# My contract- what do you think? (scan attached)



## godjwood (Oct 15, 2009)

Hi,

I am just starting snow plowing this year and I put together this estimate/contract.

I wanted your input on it.

What do you think of it?

I showed it to my roomate and he immediately said, "what if there is 8" of snow, and you plow twice, the customer gets charged $80 instead of $55. What would they say about that?"

And I am glad I brought it up because I was not sure how to respond- feedback? Very much appreciated.

Lastly, off topic, but how do you handle gravel driveways? Should these be bid higher? are they more difficult?

Thank you all once again.


----------



## grandview (Oct 9, 2005)

For reference how big a driveway is this price for?


----------



## godjwood (Oct 15, 2009)

grandview;869516 said:


> For reference how big a driveway is this price for?


about 40 ft long. 2 garage doors on left of drive (slight L shape). up hill about 10-15 degrees. 15 ft walkway to front door included.


----------



## buckwheat_la (Oct 11, 2009)

nice simple contract, looks good for residential


----------



## Bajak (Nov 12, 2008)

Sounds expensive for households around here. Can you really charge 3% per month on past due accounts in your area?


----------



## fireball (Jan 9, 2000)

Kinda gusty on your part to go it alone. I thought the rest of us was going to stick with the USM contract.

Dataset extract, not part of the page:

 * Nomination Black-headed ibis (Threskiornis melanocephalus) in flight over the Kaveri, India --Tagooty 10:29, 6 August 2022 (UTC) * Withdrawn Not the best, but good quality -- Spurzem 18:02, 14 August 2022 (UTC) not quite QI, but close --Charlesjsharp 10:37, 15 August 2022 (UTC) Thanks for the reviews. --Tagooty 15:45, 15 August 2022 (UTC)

Simple contract, but I don't know if I would be willing to commit to six hours after a storm. What happens if all your trucks break down and it is freak 4 ft wet storm


----------



## buckwheat_la (Oct 11, 2009)

fireball;869777 said:


> Kinda gusty on your part to go it alone. I thought the rest of us was going to stick with the USM contract.
> 
> Simple contract, but I don't know if I would be willing to commit to six hours after a storm. What happens if all your trucks break down and it is freak 4 ft wet storm


i think his intention is that he well be back around 6hrs after snow is done, but i believe if it is a heavy snowfall, he is going to be around during the snowfall too, but that when snow fall ends it well cleaned up. also i would hope being that he is doing residential that they would be understanding to a point, i have a quite a few employees and there are times when sh!t happens, if they can't deal with that once in a lifetime event, then they need to find another company, i think given the right circumstances every contractor can have a issue like that.


----------



## buckwheat_la (Oct 11, 2009)

Bajak;869662 said:


> Sounds expensive for households around here. Can you really charge 3% per month on past due accounts in your area?

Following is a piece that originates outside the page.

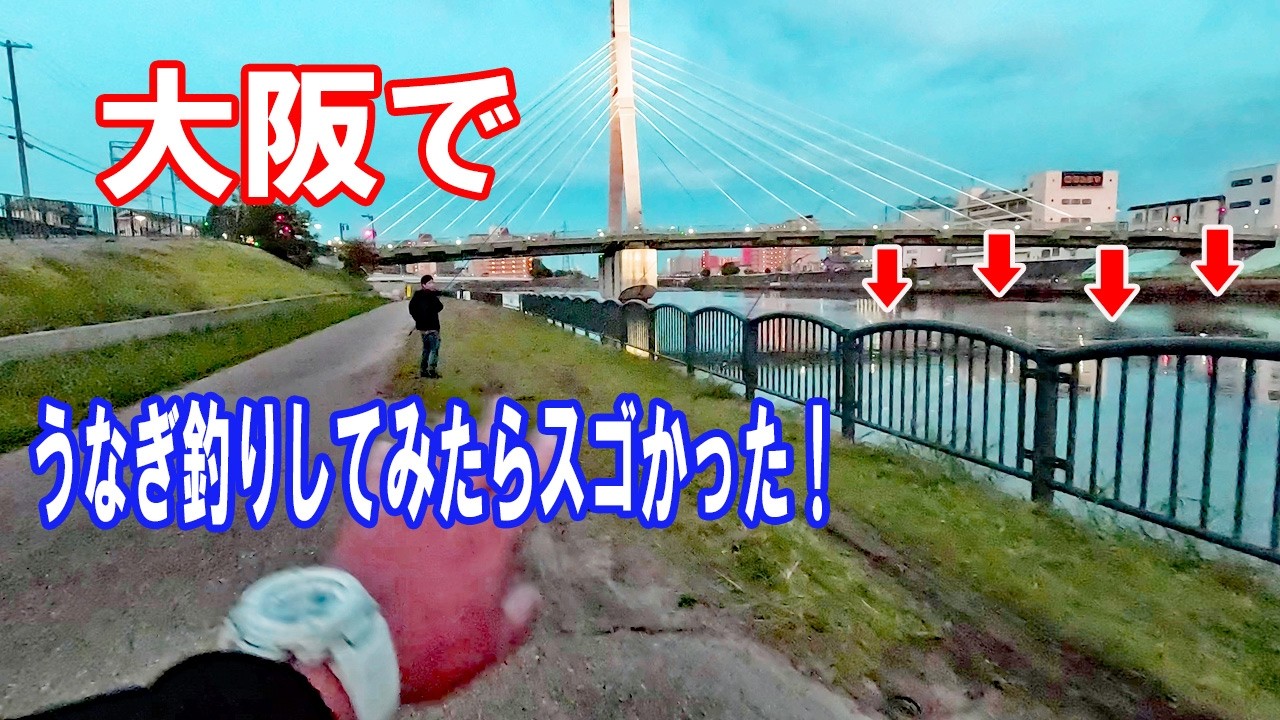 大阪の川でうなぎ釣りしてみた結果が凄かった！　【うなぎ釣り】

i bet you can charge that on your accounts too, we charge the same thing, it works out to 36% per year, there are some credit cards that charge that, let alone overdue accounts.


----------



## godjwood (Oct 15, 2009)

buckwheat_la;869794 said:


> i bet you can charge that on your accounts too, we charge the same thing, it works out to 36% per year, there are some credit cards that charge that, let alone overdue accounts.


the idea is i don't want past due accounts..


----------



## godjwood (Oct 15, 2009)

fireball;869777 said:


> Kinda gusty on your part to go it alone. I thought the rest of us was going to stick with the USM contract.
> 
> Simple contract, but I don't know if I would be willing to commit to six hours after a storm. What happens if all your trucks break down and it is freak 4 ft wet storm


USM contract? whats that?


----------



## godjwood (Oct 15, 2009)

I showed it to my roomate and he immediately said, "what if there is 8" of snow, and you plow twice, the customer gets charged $80 instead of $55. What would they say about that?"


----------



## buckwheat_la (Oct 11, 2009)

godjwood;870500 said:


> the idea is i don't want past due accounts..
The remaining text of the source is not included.